* **DATA IN THIS EXERCISE**
□ □ □

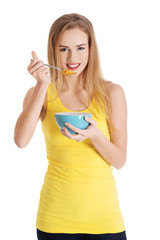 Happy blonde woman eating cereals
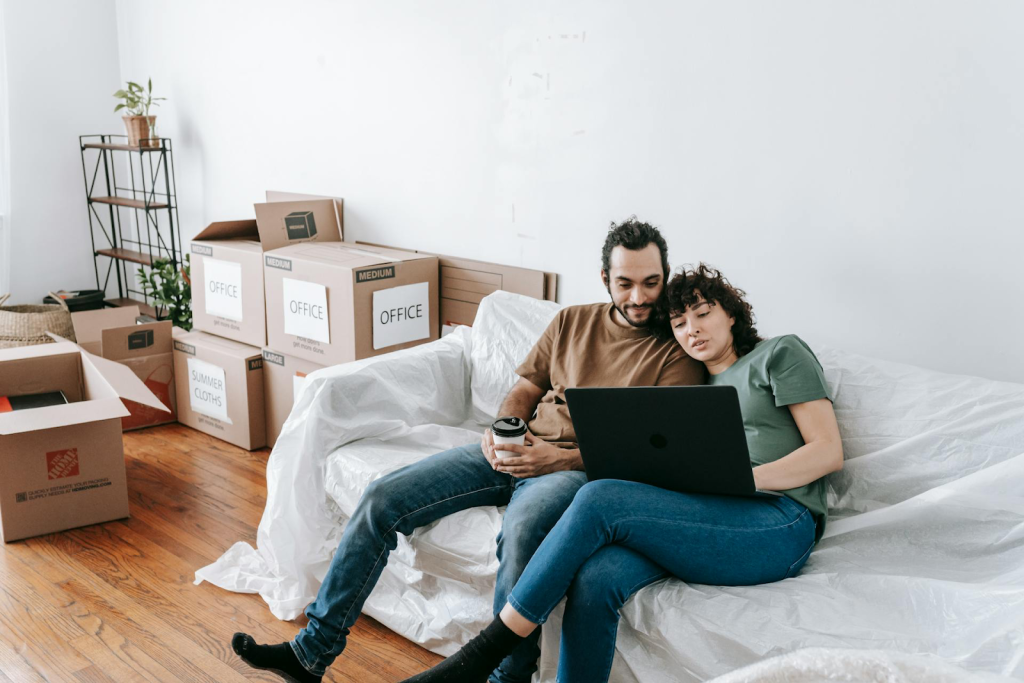 Couple with moving boxes looking at laptop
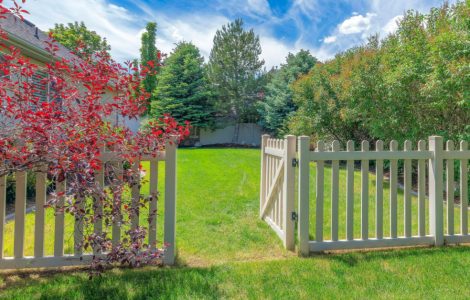Une clôture de jardin en bois avec le portillon ouvert donnant sur la pelouse
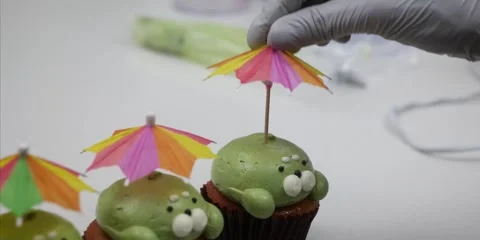 Baker Placing Miniature Umbrella on Cute Animal Cupcake - Close Up Stock Footage 343588821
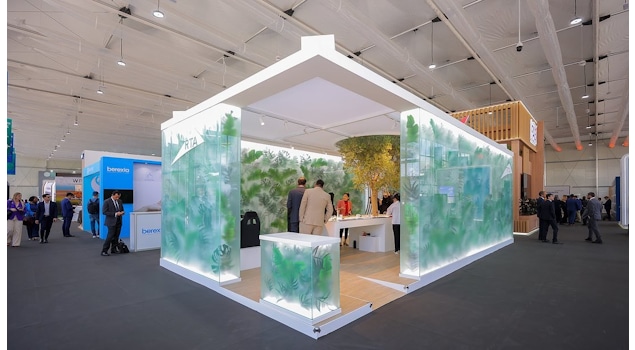 The RTA COP28 stand by Studio Königshausen in Dubai boasts an avant-garde design, featuring illuminated walls adorned with lush greenery, shaping an interactive, futuristic city model.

□ □ □

* **EXERCISE GOAL**
Starting at the line that contains "Une clôture de" and ending with the last line of the data, transcribe every line exactly; skip the pictures.

* **TASK ANSWER**
Une clôture de jardin en bois avec le portillon ouvert donnant sur la pelouse
 Baker Placing Miniature Umbrella on Cute Animal Cupcake - Close Up Stock Footage 343588821
 The RTA COP28 stand by Studio Königshausen in Dubai boasts an avant-garde design, featuring illuminated walls adorned with lush greenery, shaping an interactive, futuristic city model.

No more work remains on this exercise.